- Task data -
________________
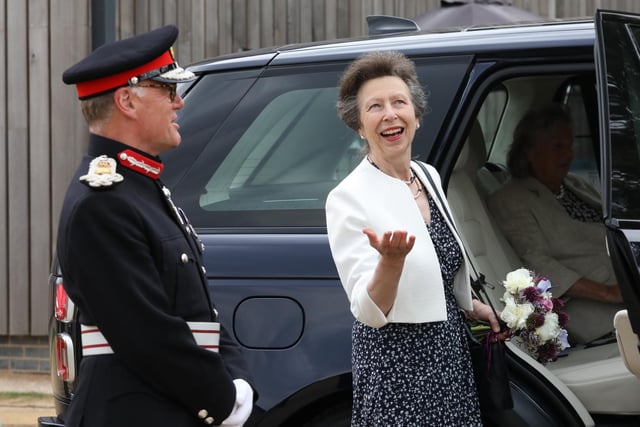 The Princess Royal welcomes the rain with Lord Lt for Northamptonshire James Saunders Watson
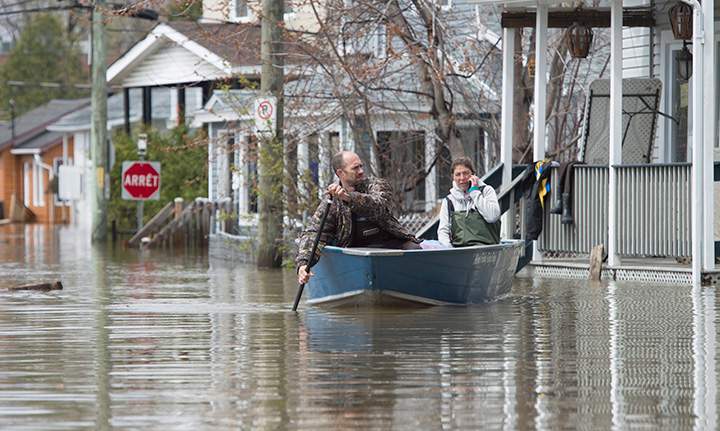 A woman speaks on a phone as a man guides their boat through the floodwaters, Sunday May 7, 2017 in Gatineau, Que.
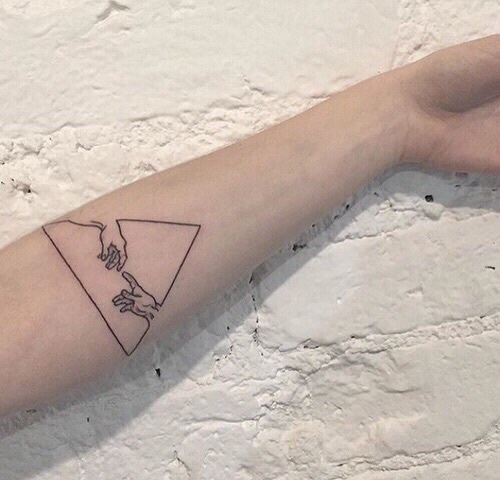 Triangle tattoo on the arm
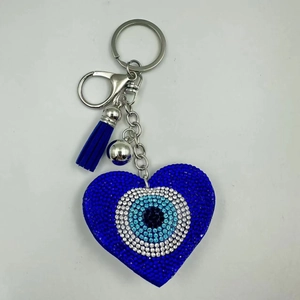 Blue rhinestone evil eye heart keychain with stylish tassel and silver bell accessory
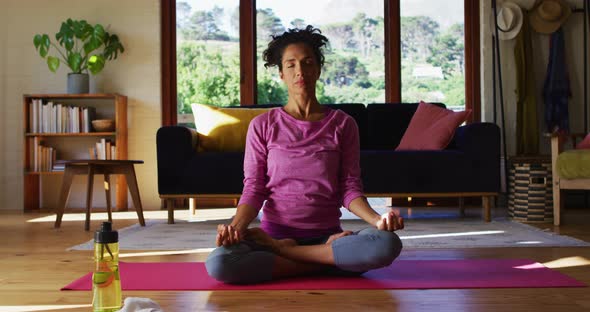 Mixed race woman practicing yoga and meditating while sitting on yoga mat at home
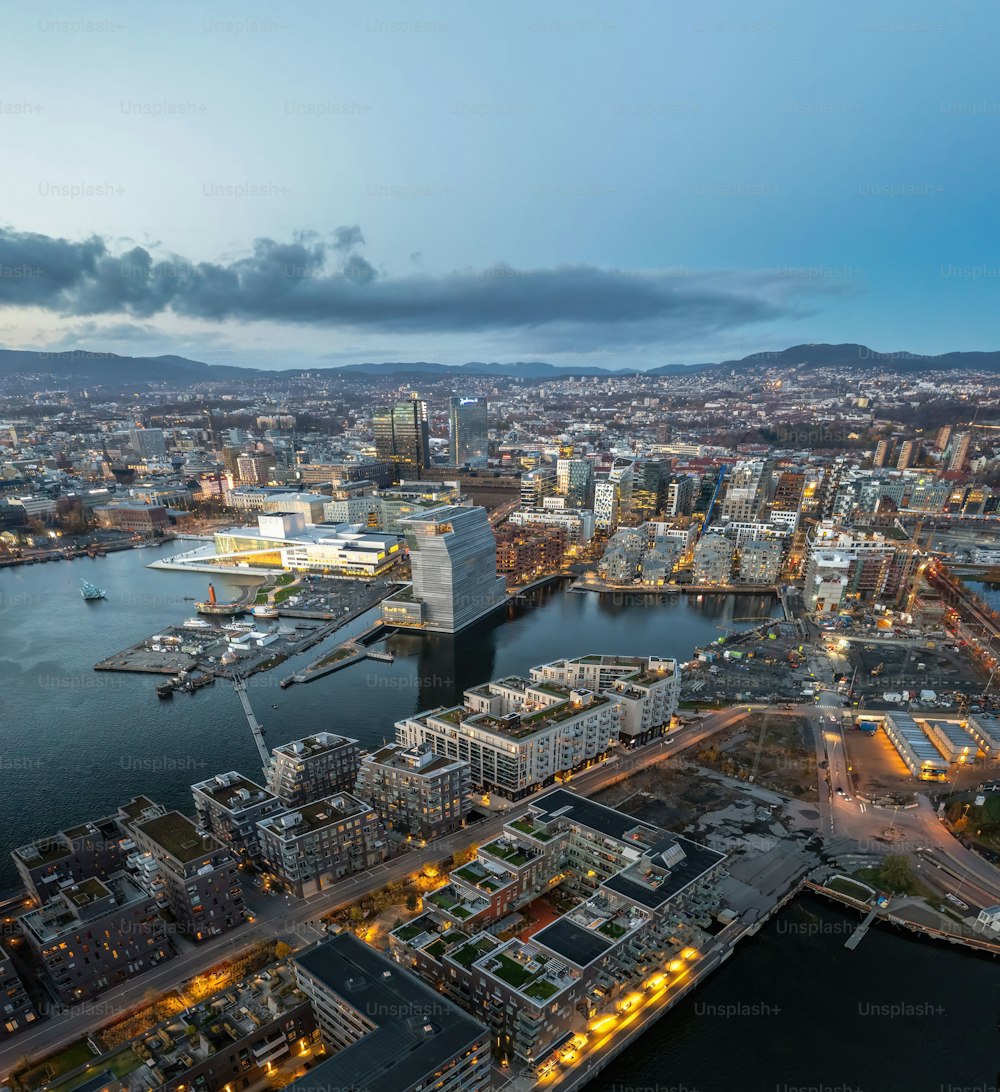 An aerial shot of Oslo at sunset, with lots of buildings and lights, surrounded by sea, Norway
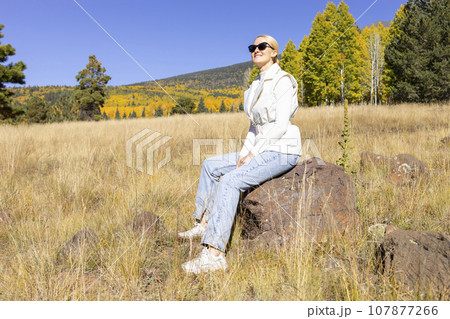 Happy Smiling Woman Takes A Rest During Hiking In Mountains At Fall Season On Bright Sunny Day. Young Smiling Female Hiker Does Sport , Trekking In Autumn Nature On Vacation. Travel, Active Lifestyle 107877266
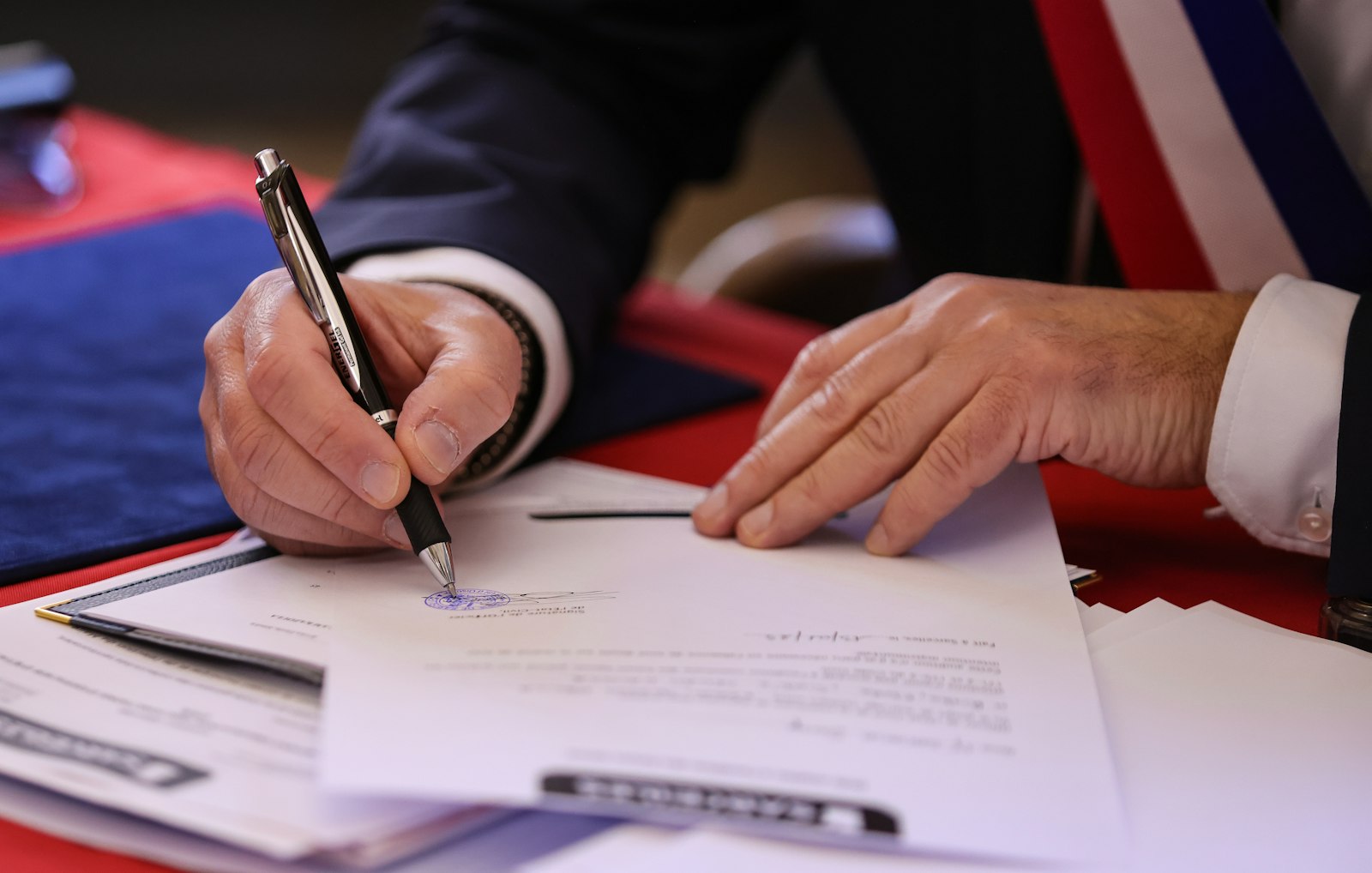 Signing a legal document with a pen | Westside Construction Group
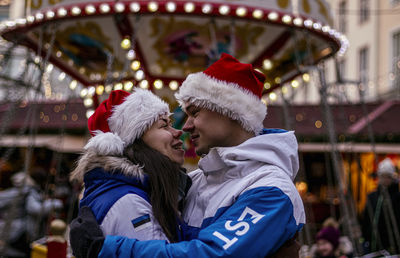 Portrait of young couple with carousel in amusement park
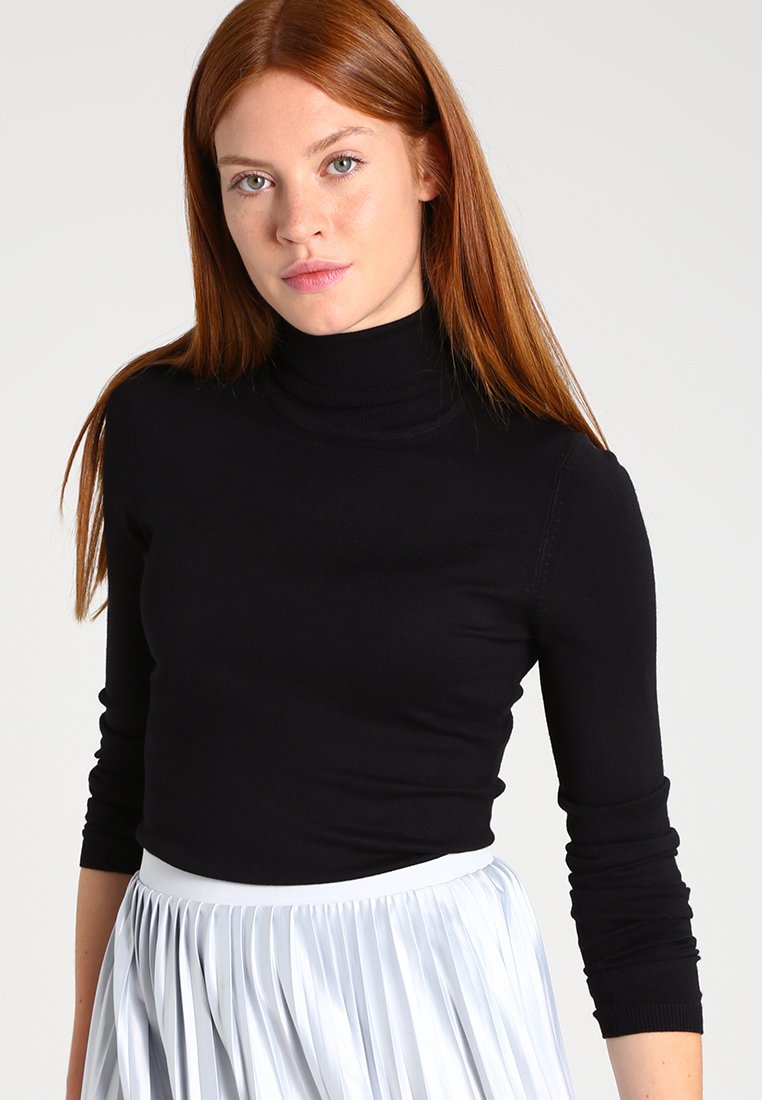 Schwarzer Rollkragenpullover aus dehnbarem Stoff, mit langen Ärmeln, figurbetonendem Design, kombiniert mit einem gefältelten, hellgrauen Rock.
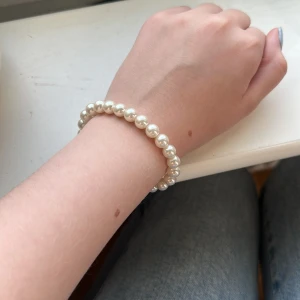 Pärlarmband med vita pärlor - Stilrent armband med glansiga vita pärlor på elastisk tråd. Perfekt accessoar för att ge din outfit en klassisk och elegant touch. Pärlorna är runda och jämnstora, vilket ger ett snyggt och tidlöst intryck.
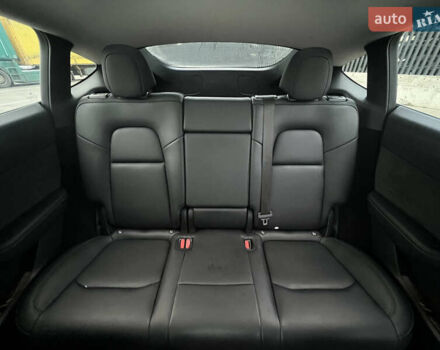 Синій Тесла Model Y, об'ємом двигуна 0 л та пробігом 145 тис. км за 21999 $, фото 26 на Automoto.ua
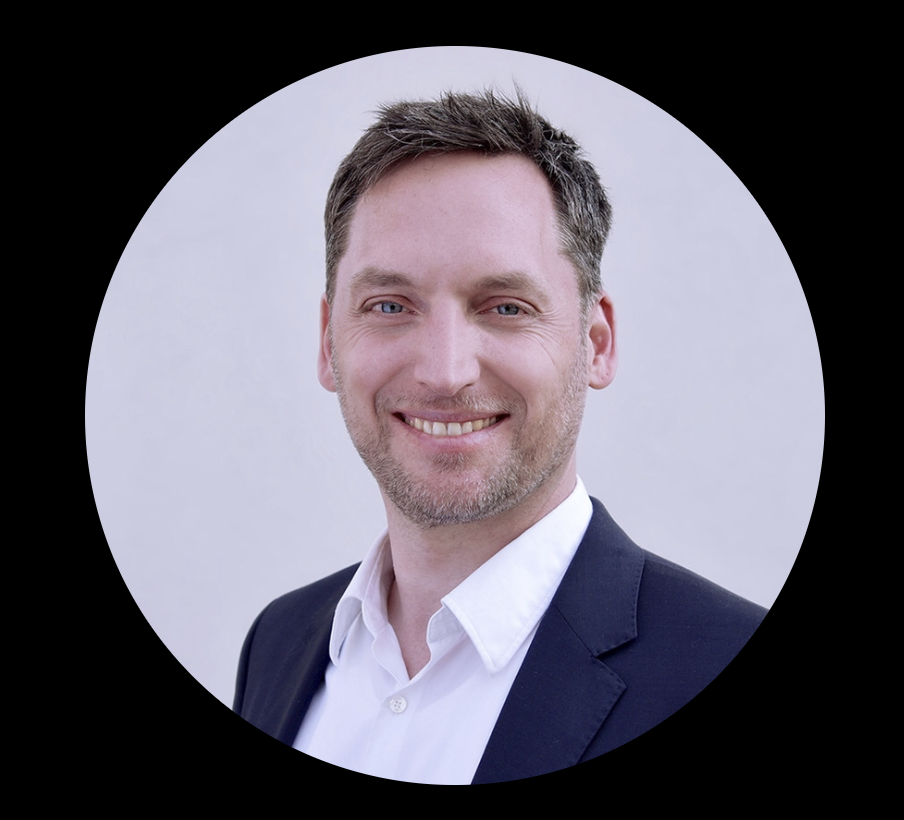 Porträt eines lächelnden Mannes mit braunem Haar, blauen Augen, in einem weißen Hemd und einem schwarzen Anzug. Hintergrund ist weiß und das Bild ist kreisförmig.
________________
- What is being asked -
Working from the material above, transcribe it exactly while omitting pictures.

- Answer for this exercise -
 The Princess Royal welcomes the rain with Lord Lt for Northamptonshire James Saunders Watson
 A woman speaks on a phone as a man guides their boat through the floodwaters, Sunday May 7, 2017 in Gatineau, Que.
 Triangle tattoo on the arm
 Blue rhinestone evil eye heart keychain with stylish tassel and silver bell accessory
 Mixed race woman practicing yoga and meditating while sitting on yoga mat at home
 An aerial shot of Oslo at sunset, with lots of buildings and lights, surrounded by sea, Norway
 Happy Smiling Woman Takes A Rest During Hiking In Mountains At Fall Season On Bright Sunny Day. Young Smiling Female Hiker Does Sport , Trekking In Autumn Nature On Vacation. Travel, Active Lifestyle 107877266
 Signing a legal document with a pen | Westside Construction Group
 Portrait of young couple with carousel in amusement park
 Schwarzer Rollkragenpullover aus dehnbarem Stoff, mit langen Ärmeln, figurbetonendem Design, kombiniert mit einem gefältelten, hellgrauen Rock.
 Pärlarmband med vita pärlor - Stilrent armband med glansiga vita pärlor på elastisk tråd. Perfekt accessoar för att ge din outfit en klassisk och elegant touch. Pärlorna är runda och jämnstora, vilket ger ett snyggt och tidlöst intryck.
 Синій Тесла Model Y, об'ємом двигуна 0 л та пробігом 145 тис. км за 21999 $, фото 26 на Automoto.ua
 Porträt eines lächelnden Mannes mit braunem Haar, blauen Augen, in einem weißen Hemd und einem schwarzen Anzug. Hintergrund ist weiß und das Bild ist kreisförmig.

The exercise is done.